I have two pocket watches that run fine when in my waistcoat pocket of left upright, but stop when layed down on their side. Excuse my ignorance but you learn by asking.


----------



## Shangas (Jan 27, 2008)

You haven't banged them around or dropped them, have you? Sounds like it might be a balance-staff problem. Or it could be that they're just gummy and need a clean.


----------



## ian1 (May 14, 2011)

Shangas said:


> You haven't banged them around or dropped them, have you? Sounds like it might be a balance-staff problem. Or it could be that they're just gummy and need a clean.
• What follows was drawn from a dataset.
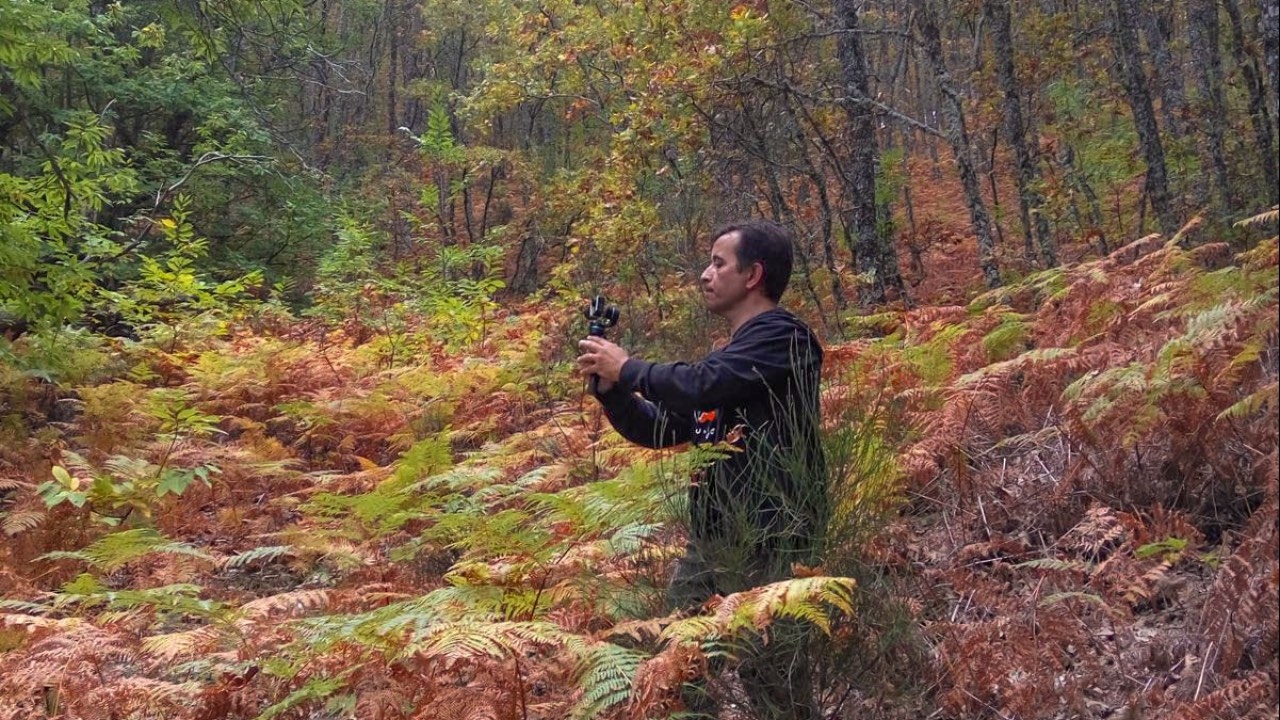 Persona fotografiando la naturaleza en el bosque de la ruta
One of mine was the same, i had it cleaned and then it was fine


----------



## Shangas (Jan 27, 2008)

Stuff like this does happen. I had one watch that ran for only 15 hours or something and I didn't understand why. It'd been serviced and cleaned and all that but it refused to work properly. I took it to the watchmaker who cleaned it and now it's running fine.


----------



## ian1 (May 14, 2011)

I have one that only starts if you shake it at little, once it starts its ok


----------



## a6cjn (Oct 29, 2009)

It's old age Alan, temperamental, slow to start, sluggish at times - and it's the same with watches :yes:

It's a common problem with pocket watches as they tend to dry out. In a good service they will be given an oil bath and this will cure the problem, however, with little use, not kept running, stored in one position and combined with central heating and infrequent servicing, it will always be an issue.

A good tip when looking at a potential buy is to hold the watch against your ear and move your head from side to side so the watch moves from a vertical to a horizontal position.
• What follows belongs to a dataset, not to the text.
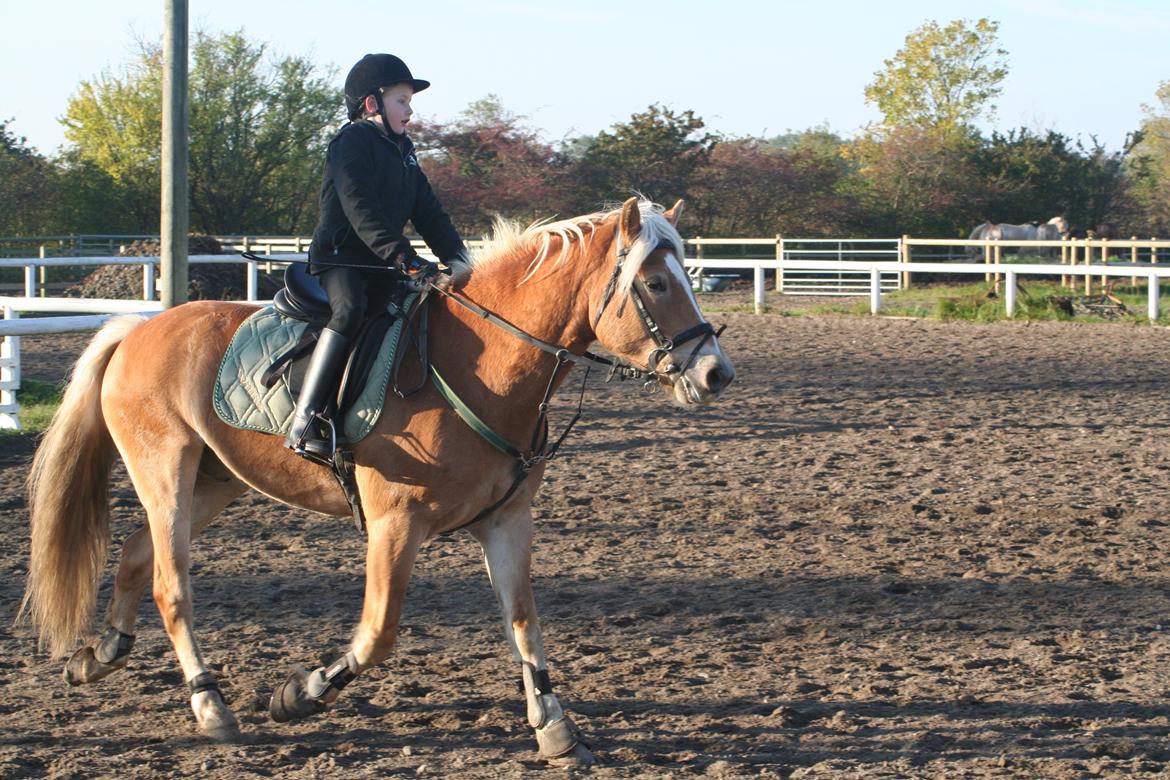 Haflinger Willy billede 2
You make look and feel a bit of a plonker doing it but you will hear changes in the tick in a dry watch and it may even stop altogether if there is an issue with balance staff. (Plus it will give the impression to the seller that you know something about pocket watches and they will be a bit more careful with their sales patter)

Chris


----------



## AlanJohn (Mar 17, 2011)

a6cjn said:


> It's old age Alan, temperamental, slow to start, sluggish at times - and it's the same with watches :yes:
> 
> It's a common problem with pocket watches as they tend to dry out. In a good service they will be given an oil bath and this will cure the problem, however, with little use, not kept running, stored in one position and combined with central heating and infrequent servicing, it will always be an issue.
> 
> ...


No I Haven't either one shangas. I think I will take the advice given and have them serviced.

I wear one of them every day, and it keeps good time. It is a Monija 15 jewel.

The other is a Belgium Repose 1897. So as you say, it may be just old like me :hypocrite:


----------